The second was a Phosphor Potion. It would make the silver of his Warden medallion burn with a cold, blue-white light, a beacon in the abyss.

He uncorked the water-breathing draught first. The liquid was viscous, like oil, and smelled of menthol and grave dirt. He drank it.

A shock of cold shot down his throat, spreading through his chest. His veins burned with a sharp, icy pain. His heart stuttered, then settled into a slow, heavy thud he could feel in his temples. His lungs constricted, the urge to breathe becoming a distant, academic concern. The Toll.

He drank the phosphor potion. It tasted of chalk and lightning. His medallion, resting against his chest, began to glow. A pool of ghostly light spilled over his sternum.

He secured his swords on the dock. They were useless here. He took a deep, final breath of air—a habit, though the potion made it unnecessary—and stepped off the edge.

The water swallowed him.

The world became a silent, crushing weight. The potion-light from his medallion cut a narrow beam through the murk, illuminating swirling motes of silt. The cold seeped through his clothes, his skin, into his bones. He kicked downward, following the pull of his own Pulse, which thrummed in his skull like a second, sluggish heartbeat.

Deeper. The light from the surface vanished. The only sounds were the rush of water in his ears and the slow, drum-like beat of his heart. The oppressive grief of the place pressed in, a psychic weight that rivaled the physical pressure. It was a dirge in the darkness.

His Pulse guided him. The knot of Taint and sorrow was a cold, black star in his senses. He aimed for it.

Then, he saw it.

A pale, shimmering form, curled on the riverbed like a sleeping child. It was wrapped protectively around a dark, lumpy shape half-buried in the silt. The Wailing Echo. It was more solid here, at its source. He could make out the suggestion of a woman's form, of long hair floating in a current that didn't exist.

It turned its head.

The face was a watercolor blur, but the features were Anya's. The eyes were voids of sadness. It saw his light. It did not snarl. It did not charge.

It opened its arms.

The gesture was slow, gentle. An invitation. A welcome.

A voice, not in his ears but in the core of his mind, a whisper woven from river sounds and lost sighs: "It's so quiet here. No more pain. Join us. Be at peace."

The offer was genuine. It thought it was offering mercy. Salvation.

Kael's training screamed at him to attack. He raised his hand, forming the sign for Ember. He pushed Taint into it. A burst of crimson fire erupted from his palm, but the water swallowed it instantly, transforming it into a bubbling hiss of steam and a brief, angry glow. Useless.

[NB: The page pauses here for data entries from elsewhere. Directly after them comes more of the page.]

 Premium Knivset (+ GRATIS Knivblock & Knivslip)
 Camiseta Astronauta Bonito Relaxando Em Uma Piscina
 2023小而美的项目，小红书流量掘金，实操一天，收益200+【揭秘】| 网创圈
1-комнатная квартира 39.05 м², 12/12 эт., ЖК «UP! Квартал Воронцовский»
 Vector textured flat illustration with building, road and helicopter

The Echo drifted closer. It reached out a translucent hand. It touched his chest, over his heart.

The touch was cold. Not the cold of the river, but the cold of a loneliness so absolute it had become a physical thing.

Then, the world dissolved.

He is Anya.

The rough planks of the dock are under his/her bare feet. The air is warm, summer-night warm. His/her heart is pounding, but with a giddy, terrified excitement. Karl is here. Magistrate Vorlan's son. Handsome, powerful, dangerous.

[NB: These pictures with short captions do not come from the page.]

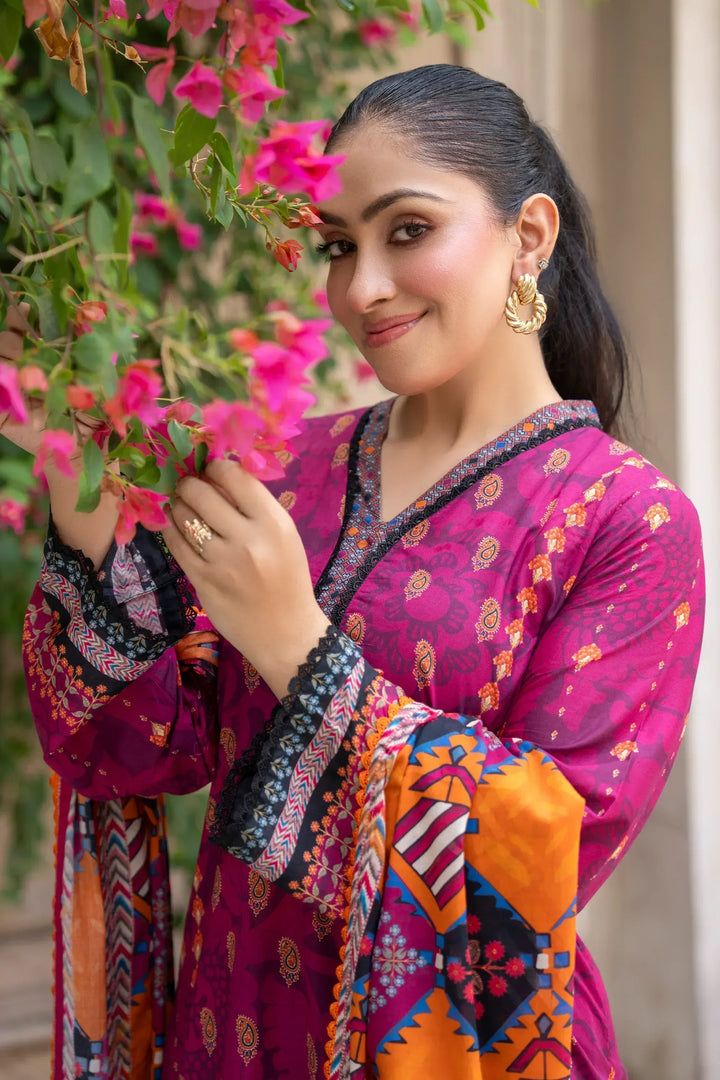 3 Piece Unstitched Cerise Premium Printed Lawn - Jacquard Clothing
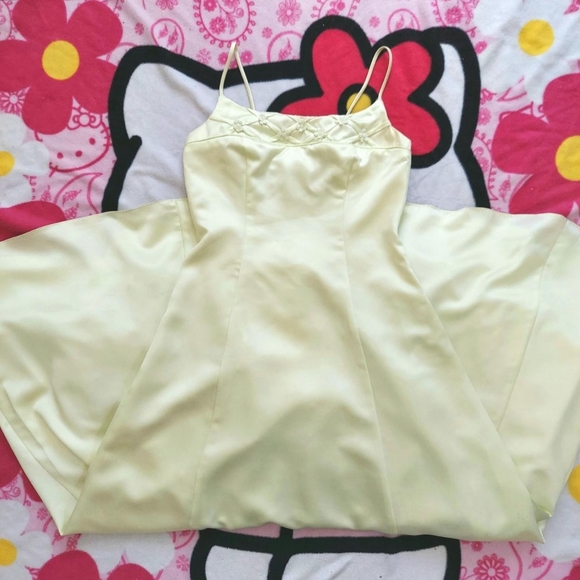 Betsy & Adam Dresses Stunning Vintage Pastel Green Satin Gown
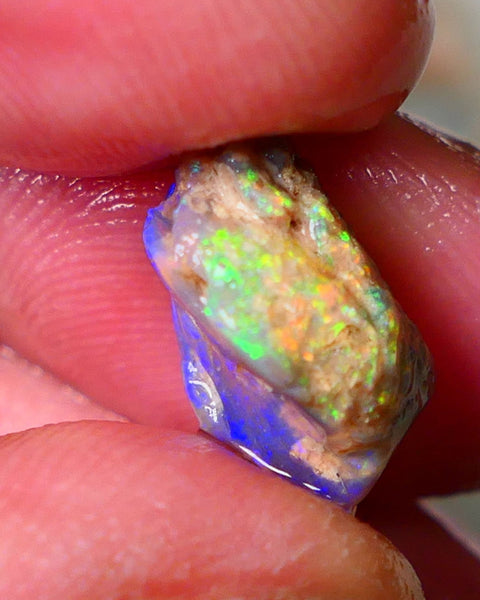 Lightning Ridge Gamble Knobby opal rough showing Very bright Multi colours 6.00cts 16x11x7mm  ALP114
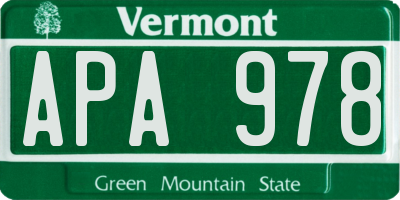 VT license plate APA978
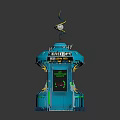 Futuristic Blue Teleportation Booth With Neon Lights Spiral Antenna And Control Screen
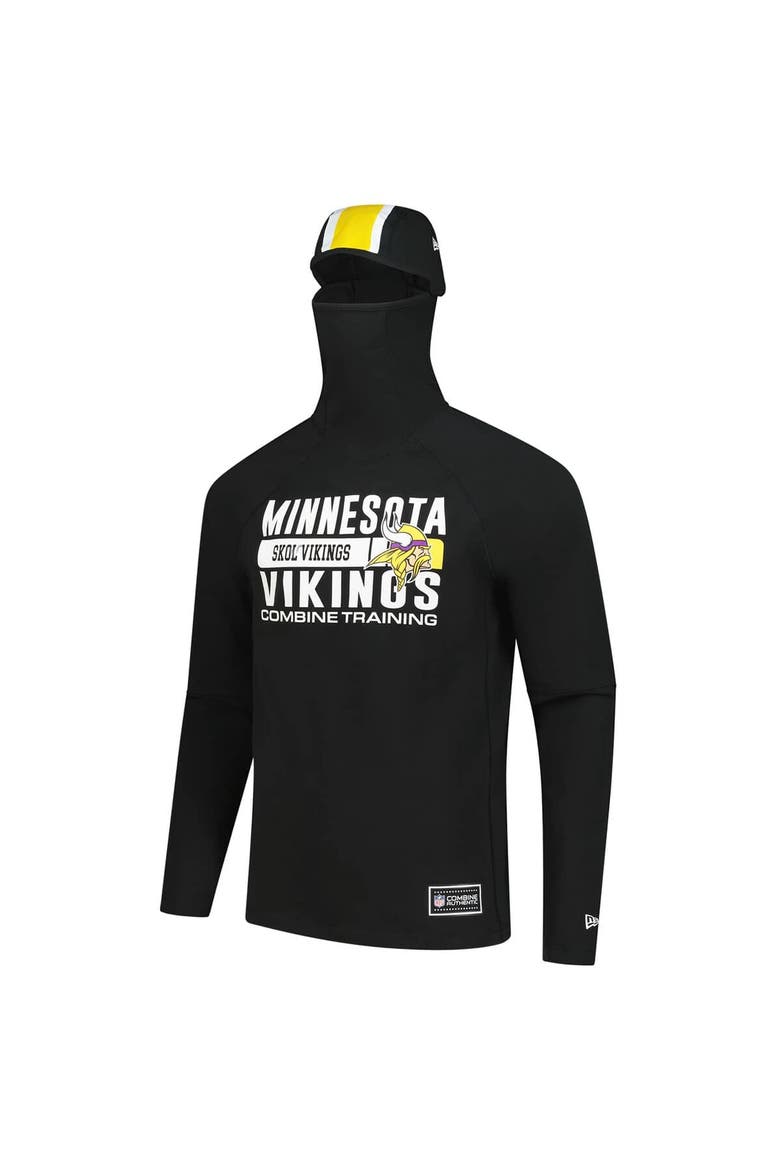 Men's New Era Black Minnesota Vikings Functional Fandom Balaclava Helmet Stripe Tri-Blend Hoodie, Alternate, color, Black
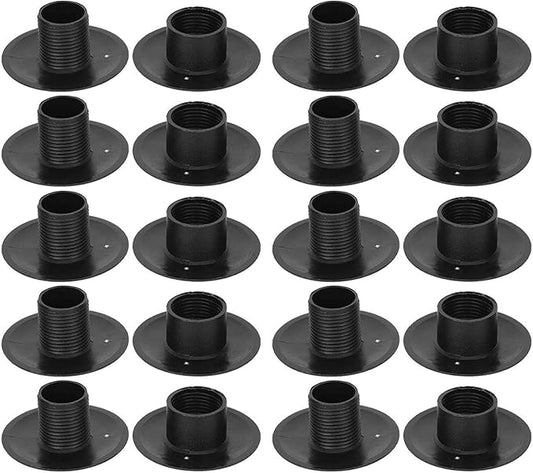 10 Pair of Foosball Machine Bushings,Threaded Structure Foosball Table Parts, Light Weight Table Football Bushings Rods, Black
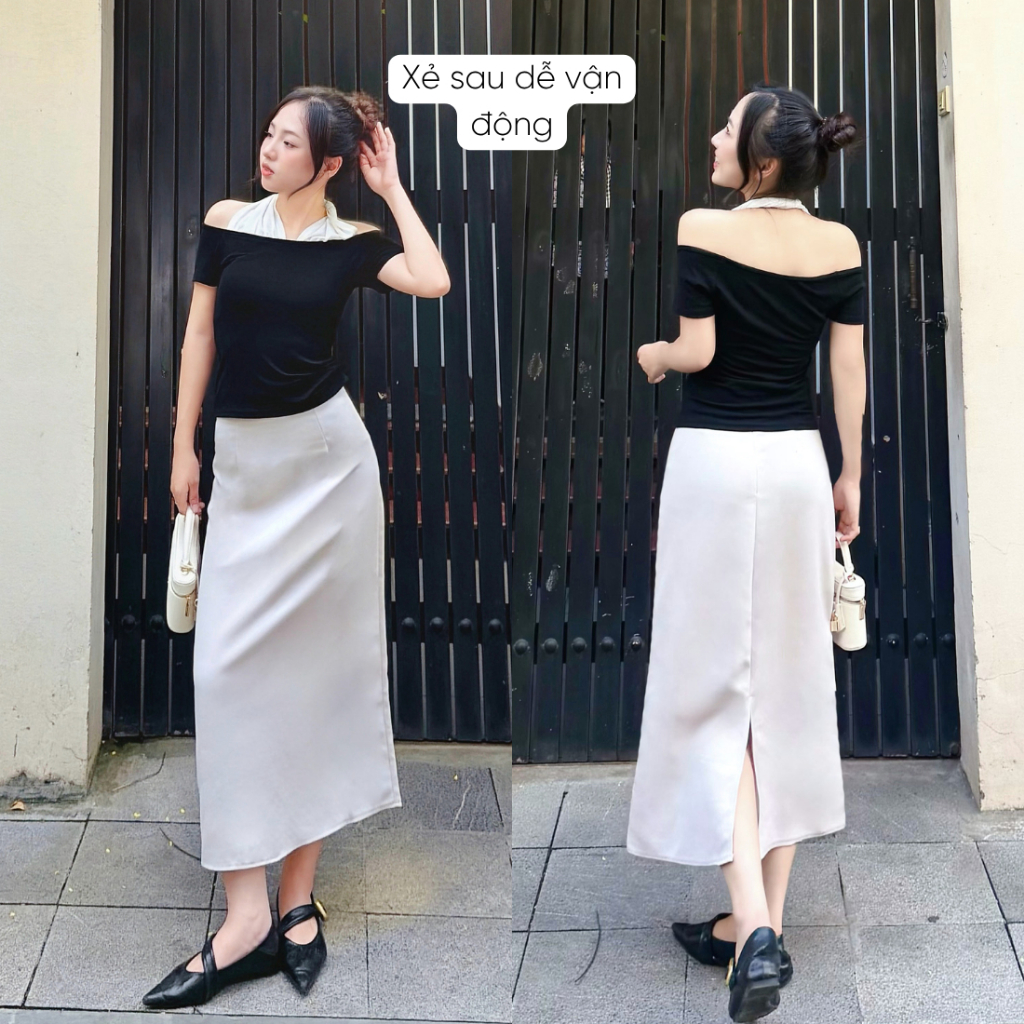 Chân váy chữ A dáng dài Mely Fashion công sở trẻ trung cạp cao tôn eo hack dáng có xẻ sau đi làm đi chơi CV59-03 | BigBuy360 - bigbuy360.vn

"You have to understand, Anya," Karl says, his voice tight. He's been drinking. His eyes are glittering in the lantern light from the tavern. "It can't be. My father… the arrangement with the merchant's daughter…"

"You said you loved me," his/her own voice whispers, trembling.

"I do! That's why this is so hard!" Karl's hand shoots out, grabs his/her arm. His grip is bruising. The giddy excitement curdles into fear. "But you have to go. You have to disappear. For my future."

"I'm with child, Karl."

The words hang in the air. Karl's face transforms. Panic. Then, a terrifying calculation. "No. You're not. You're a lying whore trying to trap me."

"I swear—"

The backhand crack across his/her face is sudden, brutal. Stars explode. He/she stumbles, falls to the dock. The rough wood scrapes skin.

"Father said to make it clean if it came to this," Karl mutters, almost to himself. He's fumbling with something heavy, clanking. A chain. "The old way. So you don't… don't talk."

Terror, pure and electric, floods his/her veins. He/she scrambles backward, but Karl is on him/her, wrestling, his breath sour with wine and fear. The cold, heavy links of the chain wrap around his/her ankles. The click of a lock.

"No! Please, Karl! I'll go! I'll never tell!"

"It's too late," Karl grunts, heaving him/her toward the edge of the dock. "The old way is sure."

The shock of the water is a knife of ice. The world flips. Darkness. The frantic, flailing struggle. The chain is an anchor, pulling him/her down into the black. His/her lungs burn, a fire that screams for air. He/she claws at the water, at the fading light above.

The burning gets worse. A crushing agony in the chest. His/her vision tunnels. Spots dance.

Then… a tipping point.

The fight leaves.

A profound, undeniable truth: it is over.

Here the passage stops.